Le problème, avec les démagogues, n’est pas qu’ils fassent des promesses, mais qu’ils ne les tiennent jamais. Le fameux « au Kärcher » de Nicolas Sarkozy n’est qu’une illustration parmi d’autres de cette manie qu’ont la plupart des ministres de l’Intérieur de rouler des mécaniques tout en coupant dans les budgets, et de jouer des muscles face aux faibles, en méprisant hautement leur responsabilité de gardien de la paix. Arrive toujours le moment du bilan, celui où il devient manifeste aux yeux du plus grand nombre que les problèmes posés ne se résolvent pas automatiquement à grands coups de flash-ball, d’yeux crevés et de crânes fêlés.

Dans un contexte où évoquer la police en termes de violences, de racisme, de procédures bâclées ou – pire – montées de toutes pièces contre des passants ordinaires fait courir le risque d’être stigmatisé comme ennemi de la France, comment s’en sortir ? L’efficacité implique un retour sur le réel et une évaluation de ce qui a été mis en œuvre, retour qui peut être douloureux. La démagogie, cousine de la lâcheté, s’occupe, elle, de désigner des responsables. N’importe lesquels, à n’importe quel prix. Le 19 mai, on a ainsi pu entendre reprises les éternelles attaques contre le laxisme des juges, fantasme que démentent, hélas, toutes les statistiques judiciaires qui font, elles, état d’incarcérations toujours plus nombreuses, de peines toujours plus lourdes, de lois toujours plus sécuritaires.

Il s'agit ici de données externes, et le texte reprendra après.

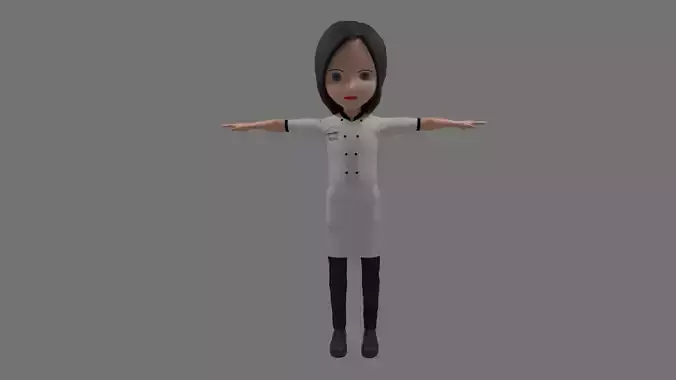 Chef - Cartoon Character Woman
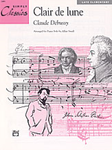 Alfred Debussy              Small  Clair de lune (from Suite Bergamasque) - Key of C - Piano Solo Sheet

Dénonçant l’« impunité systématique » des délinquants et appelant à « changer de système, de paradigme », les orateurs ont su mobiliser la colère et l’émotion nées de récents drames pour se poser en interlocuteurs obligés, incontournables, du pouvoir, dont ils n’hésitent plus à tordre le bras. Non sans succès. À preuve, le Beauvau de la police, convoqué par le président de la République en personne afin de régler le problème des violences policières, les a totalement évacuées, le terme même ayant été décrété innommable par la haute hiérarchie policière.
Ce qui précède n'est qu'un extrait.